Influences that insidiously govern our thinking about alcohol are not too hard to spot, once we start looking at things discerningly. Alcohol is therefore a useful subject to begin with, to discover how we are manipulated with regard to many other things. The forced conformity and attendant training into straitjackets are easier to spot regarding alcohol than, for example, with regard to religious belief or political opinion. We can only gain by applying similar critical awareness to everything that we believe in passionately.

 

Matters on which new and useful insights dawn are many, once we learn to examine established truths critically. Should we try to propagate publicly our private insights, the chances of being squashed are high – unless we learn how to carry enough others with us.

 

 

Conclusion

 

Overturning alcohol mythology is wholly entertaining. But we should try also to make our efforts more effective even as we enjoy them. All we need, to start the revolution, is an entry ticket. The ticket is taking at least a sip of alcohol and displaying willingness to subscribe to the existing belief system that surrounds its consumption – the alcohol mythology.

 

We are permitted to enter the magical alcohol world and enjoy its privileges to the full, whether we consume one drop or gallons. And the less we consume the more thoroughly we are able to enjoy the privileges allowed the drinker and the opportunities available for amusement, which includes observing the inanities to which many drinkers so seriously subscribe. Such experiences are best kept carefully under wraps until one has cultivated at least two or three others who begin to see things more discerningly.

 

To desire ethyl alcohol mostly for the sake of experiencing the effects of intoxication is a sign that the joy in our lives may already be restricted. Linking greater enjoyment with intoxication or increasing consumption makes no sense, other than for those who’ve already lost it.
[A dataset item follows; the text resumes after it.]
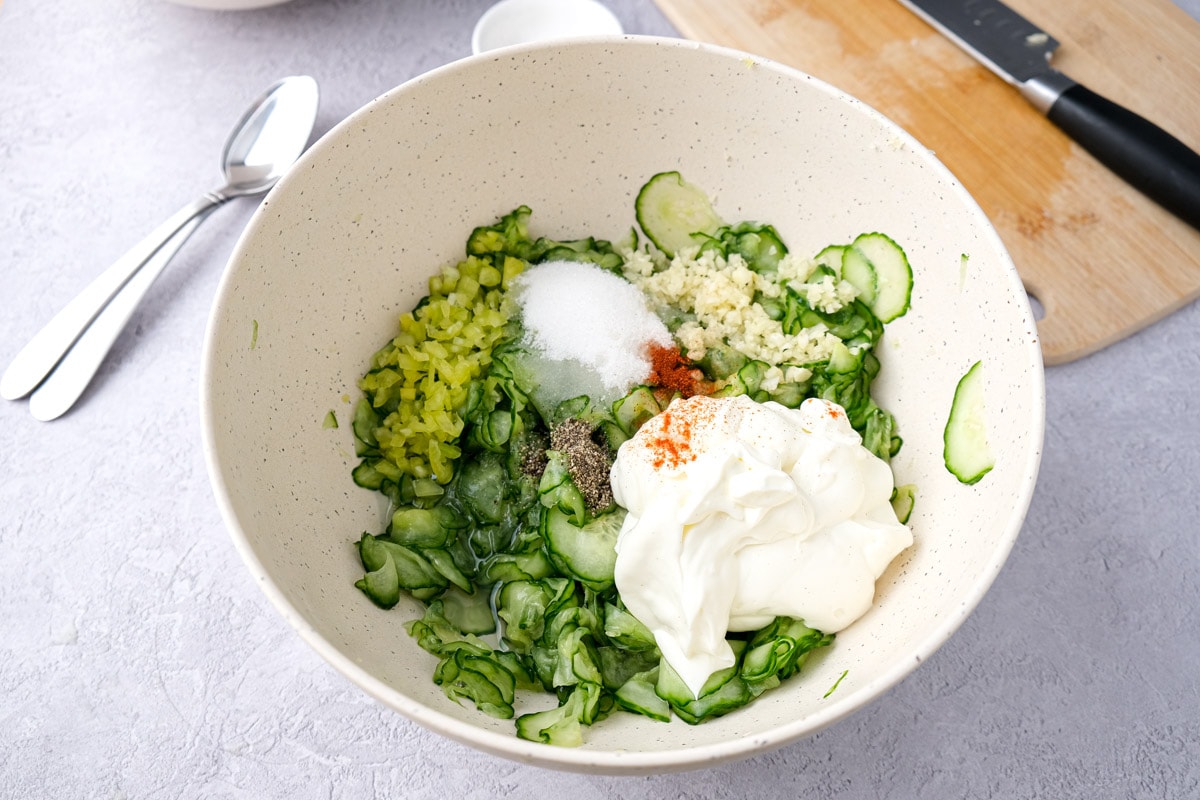 ingredients to make cucumber salad in white mixing bowl on counter.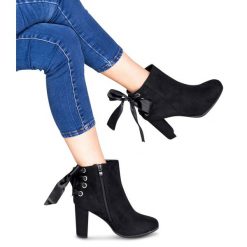 Botki damskie Abloom A852 Czarne. Czarne botki damskie ABLOOM, z tworzywa sztucznego, eleganckie, bez obcasa, na obcasie, na zamek. Za 80,00 zł.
Much the larger part of alcohol benefits is derived simply from the act of drinking, rather than the chemical influence of alcohol.

 

Boringly loud drinkers, those ill-mannered when drunk and insistent heavy users who want everybody else to drink as they do, all give alcohol a bad taste. They spoil the fun that can genuinely be had from the relaxed social environment that nearly all cultures have now learnt to associate with alcohol. We have to figure out the most effective and effortless ways of rescuing drinking rituals and settings from their inordinate influence.

 

The timid, the weak and the decent aren’t allowed their fair share of the positive dividends that the ambience associated with alcohol offers. It requires rather little effort, coupled with some ingenuity, to spread alcohol benefits equitably.